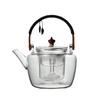 Transparent Glass Multi-Function Teapot with Braided Rope Handle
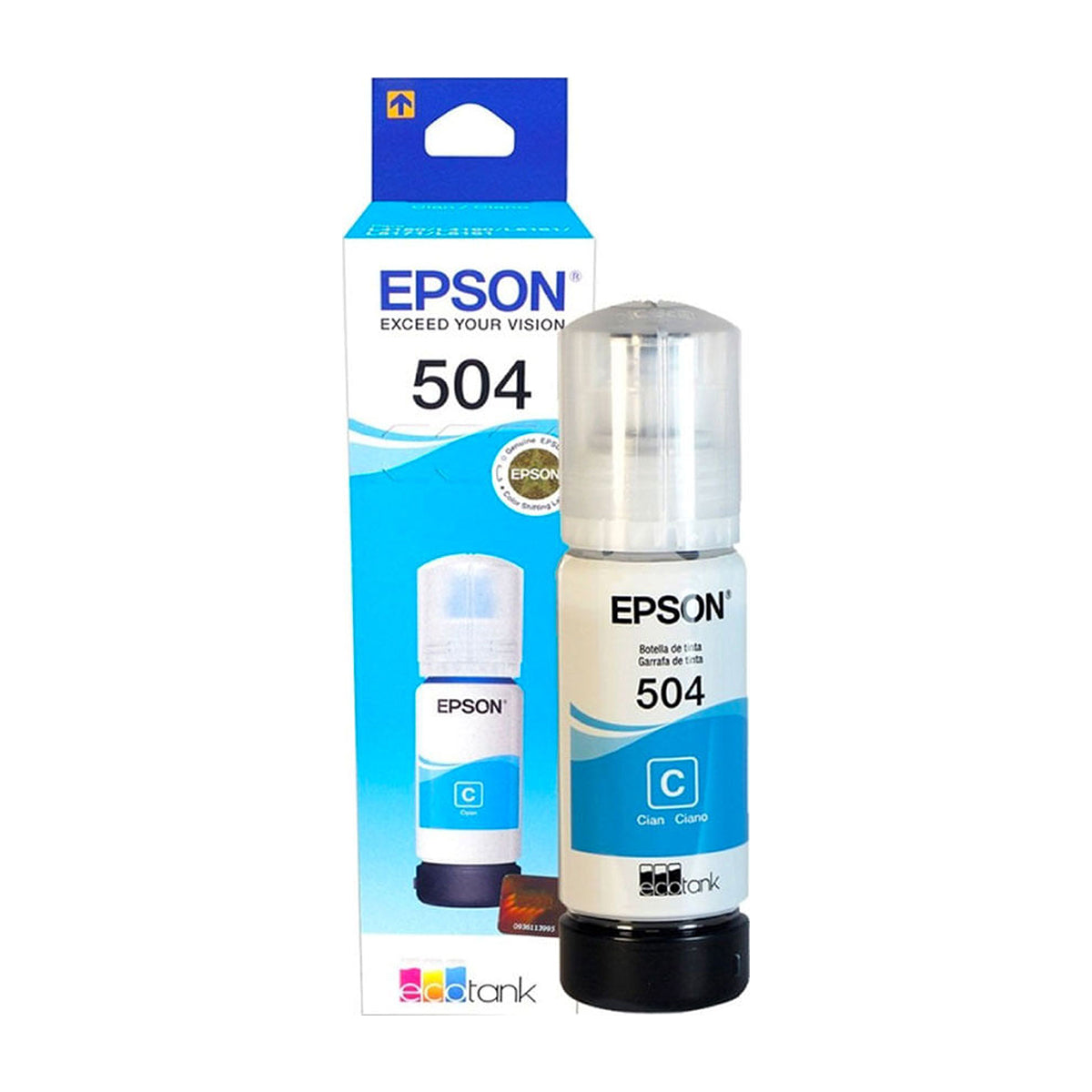 Epson T504 C Botella de Tinta | Cyan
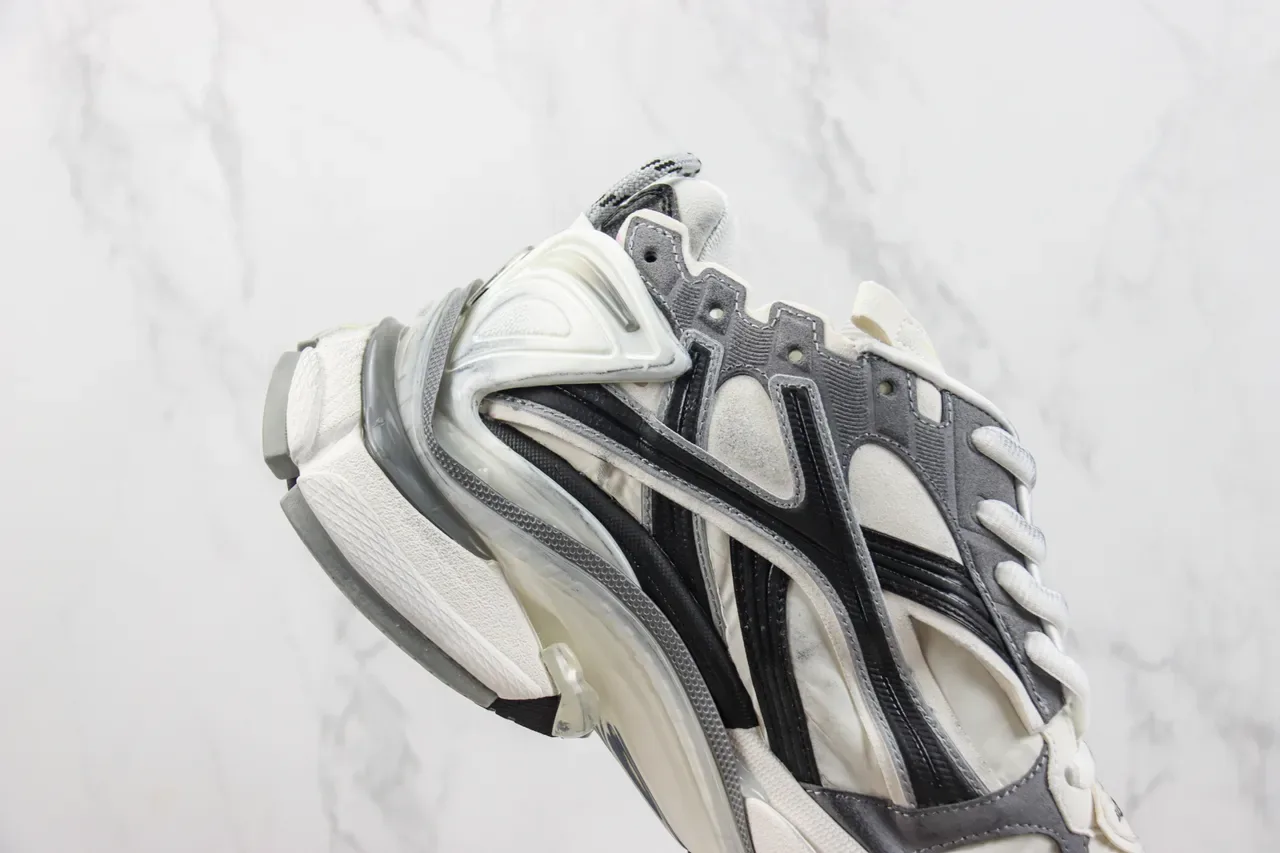 Balenciaga Runner Off-White Gray Black Chunky Sneakers 5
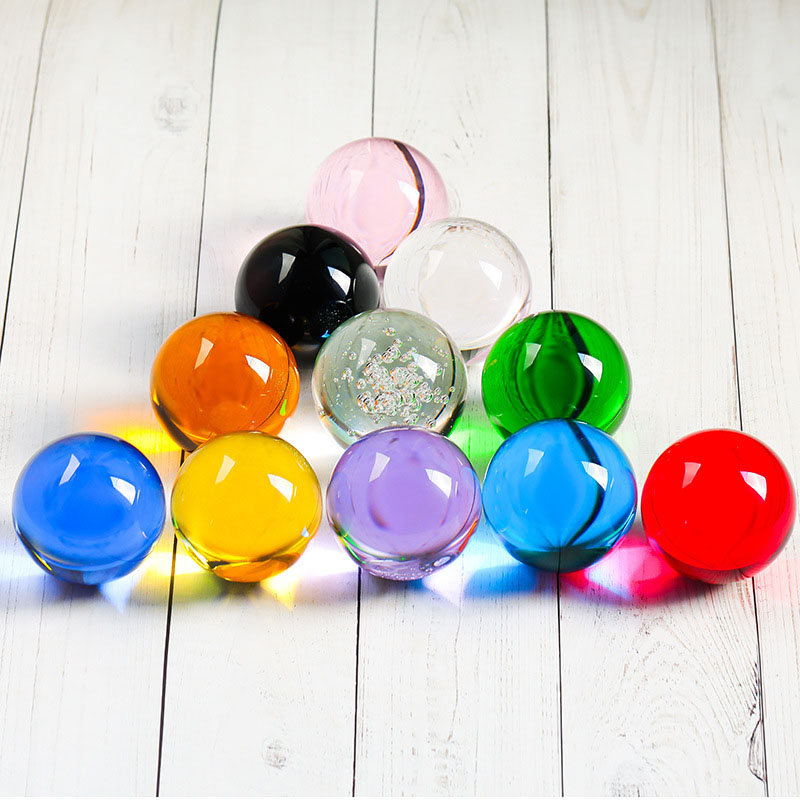 ガラスの置物,レンズボール,球,写真の装飾,装飾品,10色, - Lens Ball Crystal のレビューと価格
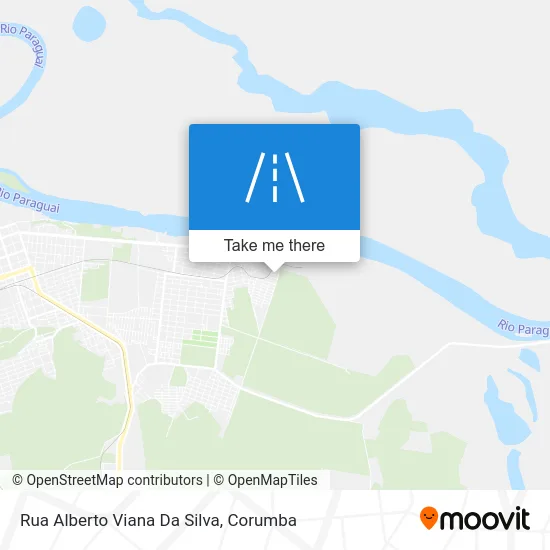 Rua Alberto Viana Da Silva map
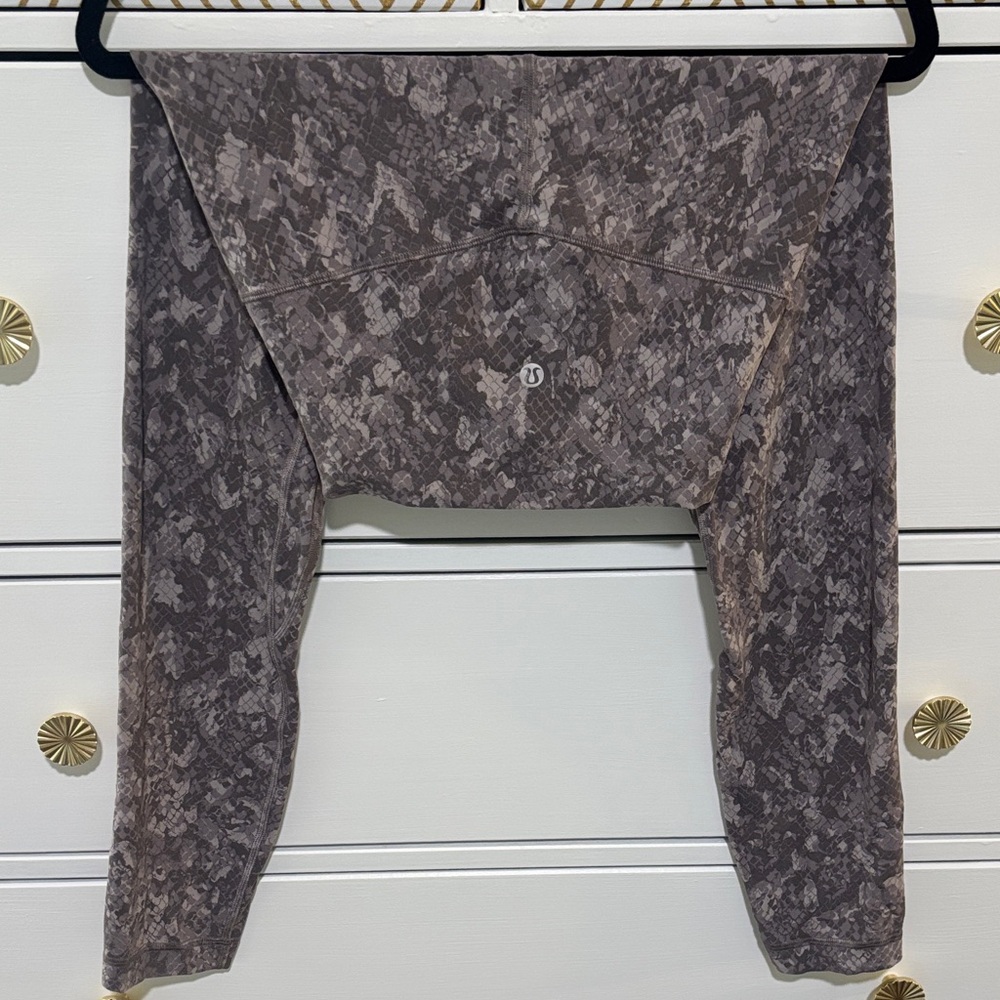 Lululemon Patterned pink and grey Leggings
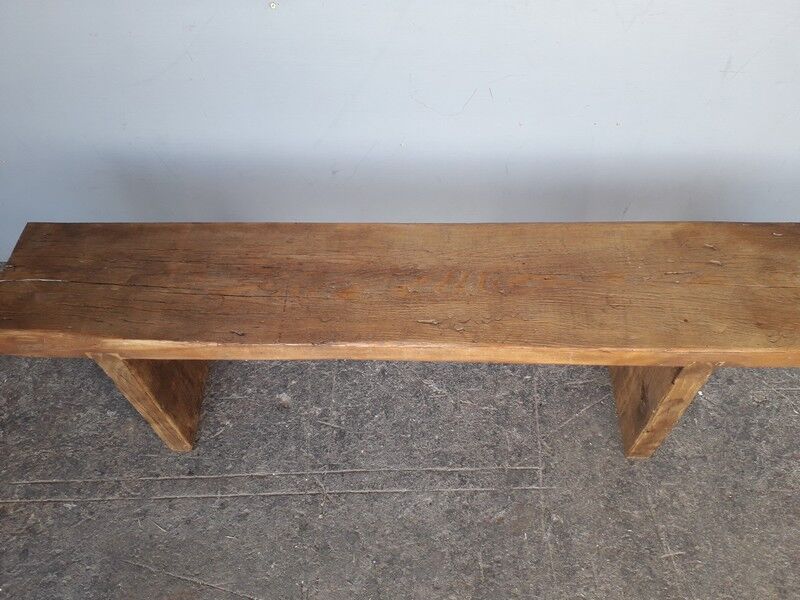 Old bench vintage ep 1960s solid wood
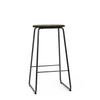 Earth Stool | Coffee Waste Dark | 74 cm | by Eva Harlou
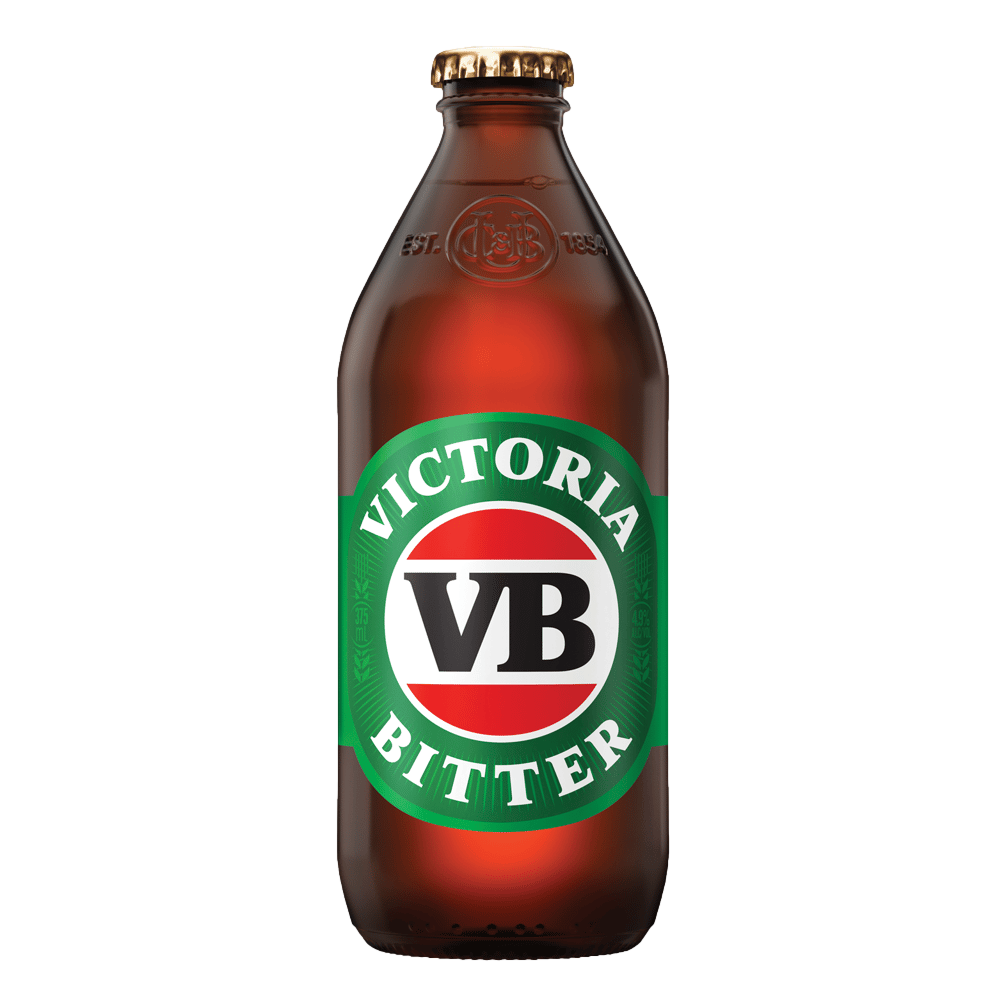 Victoria Bitter Lager 375ml Bottle Single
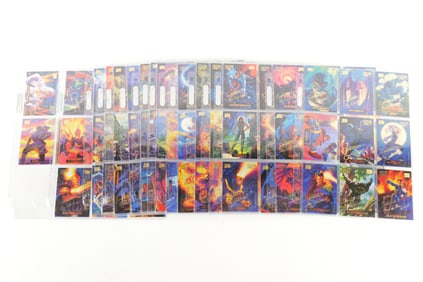 Marvel Masterpieces Gold Foil Signature Series Trading Cards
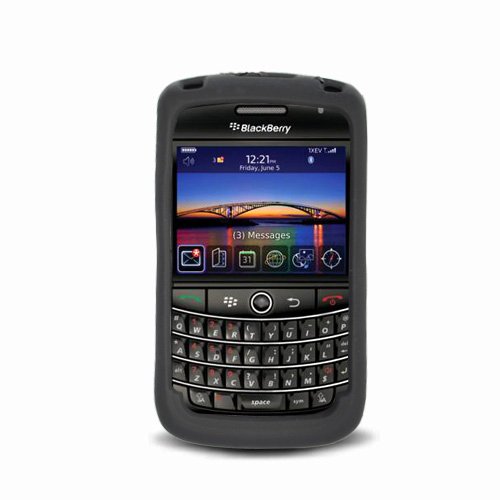 RIM BlackBerry Tour2 9650 (Verizon & Sprint) Silicone Skin Case Black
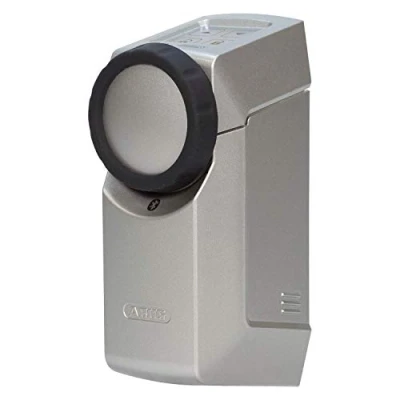 Image de ABUS HomeTec Pro Bluetooth CFA3100 Serrure électronique de Porte, pour l’Ouverture et Le Verrouillage la Porte d&#039;entrée Via l&#039;application sur Smartphone, avec contrôle d&#039;accès, argenté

### PROBLEM DESCRIPTION
In the records above, locate the line with "RIM BlackBerry Tour2"; output it and each line after it through the last one, exactly, omitting pictures.

### ANSWER SPACE
 RIM BlackBerry Tour2 9650 (Verizon & Sprint) Silicone Skin Case Black
 Image de ABUS HomeTec Pro Bluetooth CFA3100 Serrure électronique de Porte, pour l’Ouverture et Le Verrouillage la Porte d&#039;entrée Via l&#039;application sur Smartphone, avec contrôle d&#039;accès, argenté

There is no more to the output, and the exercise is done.